In 2006, Business Week reported, "The losses to fraud and waste in Iraq are almost certainly in the billions, current and former government officials agree. The Special IG for Iraq Reconstruction says it has more than 80 open investigations and has referred 20 more cases to the Justice Dept. for prosecution. A spokesman for the criminal investigative arm of the Defense Dept. says that office expects a 'rise in referrals of potential fraud or corruption cases' because of the recent deployment to Iraq of additional Pentagon investigators and FBI agents."

Billions in waste and fraud, often covered by unfinished and unusable projects, doesn't really strike me as big savings. It strikes me as waste and fraud. The military used to do a lot of this stuff themselves -- do we really need to outsource mess halls and laundry duty, for example? -- but now it has, for reasons nobody seems to be very good at explaining, become completely impossible. The military can fire a long range missile straight down the chimney of some terrorist hide out with pin-point accuracy, but they couldn't possibly cook a damned hamburger.



If you think anything's changed since the bad old days of 2006, you'd be wrong. We're making the same mistake in Afghanistan that we did in Iraq -- that of assuming that contractors want to do anything other than wring every last dime out of projects. McClatchy has published a bunch of information on contractors in Afghanistan and the stories are far, far too familiar. There are some stories of Afghan corruption and mismanagement, while some of the stories involve the American variety. The results are the same regardless of the nationality of the contractor. Projects go unfinished -- money pits peppered all over Afghanistan.

Worse, we knew many of the contractors were shady, but we hired them anyway.

-Louis Berger continues to jointly hold a $1.4 billion contract for rebuilding Afghanistan, despite settling with the Justice Department this month in an overbilling investigation. As the settlement talks proceeded, the U.S. military awarded a portion of a $490 million contract to the company as well.

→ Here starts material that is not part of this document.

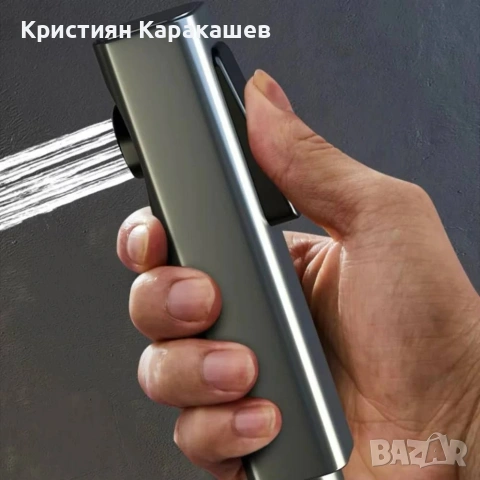 Душ комплект с цифров дисплей 4-в-1, снимка 2 - Душове - 53902592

As part of the settlement, the company will be permitted to continue bidding for future contracts.

-A subsidiary of Xe Services, formerly known as Blackwater, was awarded a quarter of all contracts issued in Afghanistan by the Army Space and Missile Defense Command from 2007 to 2009, according to government records. McClatchy reported earlier this year that the Obama administration decided not to bring criminal charges against the security contractor after a nearly four-year investigation found sanctions violations, illegal exports and bribery.

-ITT Corp. was awarded $800 million in contracts for building maintenance and training in Afghanistan this year, despite violating export laws. The firm admitted in 2007 to sending classified materials to foreign nations, including China.

-Northrop Grumman, which paid millions to resolve allegations of improperly testing military parts, is also a leading firm in Afghanistan.

-A subsidiary of Agility was tapped along with two partners to oversee a one-year, $643.5 million contract that could eventually total almost $6 billion. At that point, Agility, formerly known as Public Warehousing Co., was being investigated for overbilling the military for food services. Five months later, in November 2009, the company was indicted for what federal agents described as "major fraud." DynCorp, one of the partners, then removed Agility from the contract, citing the indictment.


We hired a company that sold classified materials to China? If corporations really were people, this corporate person would be in prison right now. It's always amazing what corporate gangsters can get away with.

None of this is to say that private industry has no place in the military. Historically speaking, private industry has always played a role. We've always bought weapons, uniforms, vehicles, furniture, fixtures, etc. from manufacturers, for example, and that's almost certain to continue.

But services? That's something new and that's not working out too awfully well. Maybe we should rethink that. But, with the new Republican House majority coming in, there doesn't seem to be much hope of any rethinking any time soon.